What’s more, if people have fun and start to play every day they’ll end up showing up for all those hours of free entertainment and will end up paying something. It’s not that they’re going to turn into big spenders, but they don’t need to.
F: Your last project was Bubble Witch 3 Saga, which has been a massive success in terms of audience and ratings. Apart from many hours of work, what would you say is the reason for such an impact?
N: Besides quality, both visual and technical, and allowing it to operate on older devices, we followed a very long analytical process to find out how to develop the bubble shooter genre, with the right level of innovation for them to feel familiar and new at the same time. As far as we know, it’s the only game that lets you discard the current bubble and use it to get a power-up that can be useful later on, which gives a greater strategic depth and reduces the frustration when bubbles appear of a colour that’s no use to you at that time. Also, we eliminated the whole aiming component that’s common in this genre, since you always know exactly what position your bubble is going to land in, thus opening up the genre to players who don’t feel comfortable with aiming mechanisms.
F: How do you at King incorporate players’ opinions, complaints and suggestions in the development of the game?
N: At King we have an excellent customer service team who are in touch with the teams of each game. Every day we get a report on what players are saying, although they tend to be more complaints about a fault rather than ideas.
Also, in the months leading up to a launch, we carry out various playtests where we show the game to small groups of objective players to see what they think, what they’re feeling and how they play. It’s the only way to see if the audience really likes the game.
F: Most of King’s games are puzzles and brainteasers; even so, the narrative component and the lore generated around it is very elaborate. Why do you give it so much importance?

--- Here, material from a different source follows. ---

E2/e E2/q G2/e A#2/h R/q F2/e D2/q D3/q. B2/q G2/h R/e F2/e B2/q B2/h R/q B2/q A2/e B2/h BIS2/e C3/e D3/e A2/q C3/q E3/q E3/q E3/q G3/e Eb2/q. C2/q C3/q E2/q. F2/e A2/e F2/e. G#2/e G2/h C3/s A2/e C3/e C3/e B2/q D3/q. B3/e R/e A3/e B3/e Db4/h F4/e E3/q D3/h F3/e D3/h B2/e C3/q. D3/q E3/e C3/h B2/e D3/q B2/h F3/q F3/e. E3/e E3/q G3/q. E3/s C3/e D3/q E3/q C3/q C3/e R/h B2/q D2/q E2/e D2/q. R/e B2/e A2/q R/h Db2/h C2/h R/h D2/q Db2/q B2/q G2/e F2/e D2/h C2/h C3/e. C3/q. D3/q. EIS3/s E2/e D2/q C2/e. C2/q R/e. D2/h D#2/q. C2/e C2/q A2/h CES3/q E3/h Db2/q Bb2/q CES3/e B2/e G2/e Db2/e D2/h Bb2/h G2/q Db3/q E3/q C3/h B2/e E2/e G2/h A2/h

N: It’s pretty simple: without lore there are no fans. In order to build a community of players, they have to like the imaginary world that you’re giving them. They have to want to live in it, to know the characters…
Having strong franchises, recognizable characters and worlds where fun things happen is a way of standing out in the eyes of a maturing audience.
Activision and Blizzard (two sister companies of King) are a clear example. You only need to look at the diversity of characters in Overwatch. In casual games it’s more difficult to introduce stories but that doesn’t make it any less important.
F: Lastly, what advice would you give to people who are starting out in the industry, like the teams of F2P Campus?
N: To never be afraid to make mistakes. Any mistake can be overcome and the important thing is knowing how to recover. Starting is hard in any discipline, but if you’re fuelled by those mistakes you’ll succeed.